Call shows the function call used to compute the regression model. Residuals. Provide a quick view of the distribution of the residuals, which by definition have a mean zero. Therefore, the median should not be far from zero, and the minimum and maximum should be roughly equal in absolute value.
Coefficients. Shows the regression beta coefficients and their statistical significance. Predictor variables, that are significantly associated to the outcome variable, are marked by stars.
Residual standard error (RSE), R-squared (R2) and the F-statistic are metrics that are used to check how well the model fits to our data.

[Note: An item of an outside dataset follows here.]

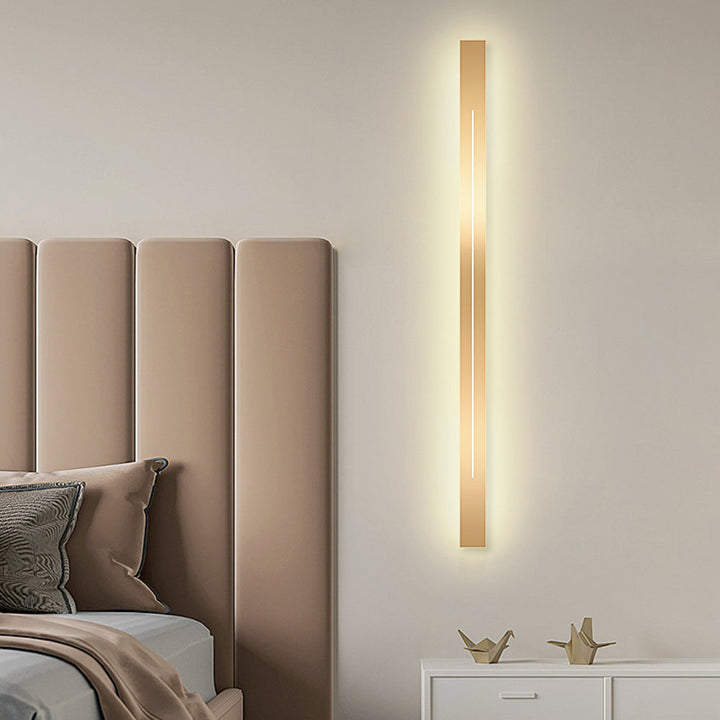 Modern LED Wall Lamp - LumièreGold | Stornfield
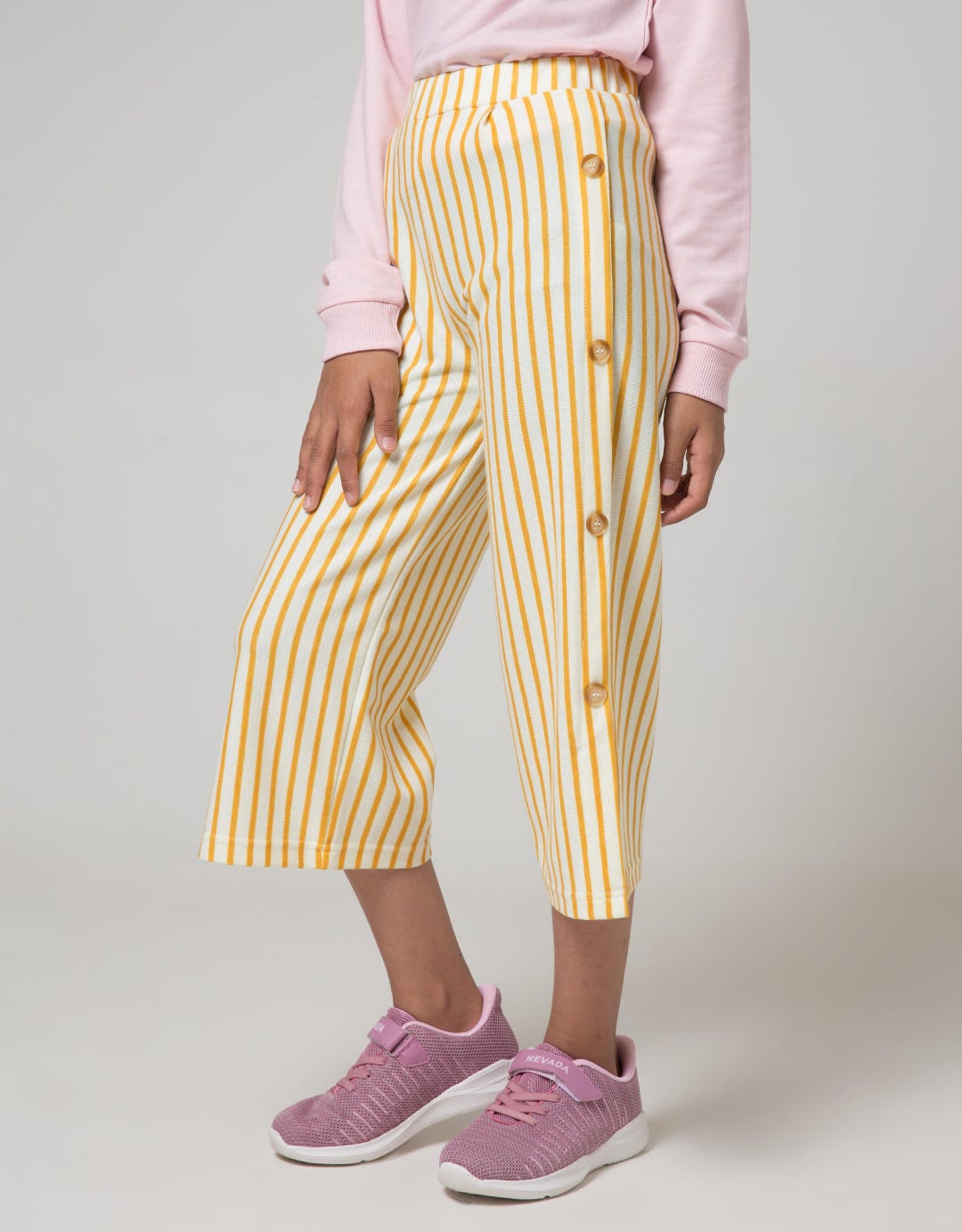 Aero Kids Capri Pants Leggings Knit Stripes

summary(model)$coefficient
## Estimate Std. Error t value Pr(>|t|)
## (Intercept) 0.1538462 1.0073693 0.1527207 0.9035205
## x1 0.6923077 0.5384615 1.2857143 0.4208332
## x2 2.8846154 2.7849447 1.0357891 0.4888094
#getting summary of our model
##Evaluating our model
We note from the summary of the model that the r-squared is 0.95 meaning that 95 of the measure of y can be predicted by x1 an x2 thus making our model a good perforfing model.
#This is the measure of erreor in prediction. The lower the RSE, the better our model is.
sigma(model)/mean(df$y)
## [1] 0.3922323
model2 <- lm(x1 ~ y + x2, data = df)
summary(model2)
##
## Call:
## lm(formula = x1 ~ y + x2, data = df)
##
## Residuals:
## 1 2 3 4
## -1.05 1.05 0.35 -0.35
##
## Coefficients:
## Estimate Std. Error t value Pr(>|t|)
## (Intercept) 0.050 1.161 0.043 0.973
## y 0.900 0.700 1.286 0.421
## x2 -0.900 4.482 -0.201 0.874
##
## Residual standard error: 1.565 on 1 degrees of freedom
## Multiple R-squared: 0.9084, Adjusted R-squared: 0.7252
## F-statistic: 4.959 on 2 and 1 DF, p-value: 0.3026
sigma(model2)/mean(df$y)
## [1] 0.4472136
model3 <- lm(x2 ~ y + x1, data = df)
summary(model2)
##
## Call:
## lm(formula = x1 ~ y + x2, data = df)
##
## Residuals:
## 1 2 3 4
## -1.05 1.05 0.35 -0.35
##
## Coefficients:
## Estimate Std. Error t value Pr(>|t|)
## (Intercept) 0.050 1.161 0.043 0.973
## y 0.900 0.700 1.286 0.421
## x2 -0.900 4.482 -0.201 0.874
##
## Residual standard error: 1.565 on 1 degrees of freedom
## Multiple R-squared: 0.9084, Adjusted R-squared: 0.7252
## F-statistic: 4.959 on 2 and 1 DF, p-value: 0.3026
sigma(model3)/mean(df$y)
## [1] 0.0978232
We can see that while using x1 and x2 as our output variable we get low accuracy scores(RSE) if 44% and 9% respectively which indicates a low performing model.
We conclude that tho they all have high correlations, y should be the desired output variable since it gives us the best result when we use it as our output variable to fit our model.
We will then use use model one(with y as the output variable as our main model.)
#We use a two-way anova test becaus we are modeling two input variables against one outpu varaible
two.way <- aov(y ~ x1 + x2, data = df)
summary(two.way)
## Df Sum Sq Mean Sq F value Pr(>F)
## x1 1 37.09 37.09 19.682 0.141
## x2 1 2.02 2.02 1.073 0.489
## Residuals 1 1.88 1.88
par(mfrow=c(2,2))
plot(two.way)
par(mfrow=c(1,1))
# The red line represents the mean of the residuals
# The normal Q-Q plot plots a regression between the theoretical residuals of a perfectly-homoscedastic model and the actual residuals of our model.
#The closer the QQ Slope is closer to 1, the better our model is.
Since our model has both a low rse and a high Rsquared value, we conclude its a good model.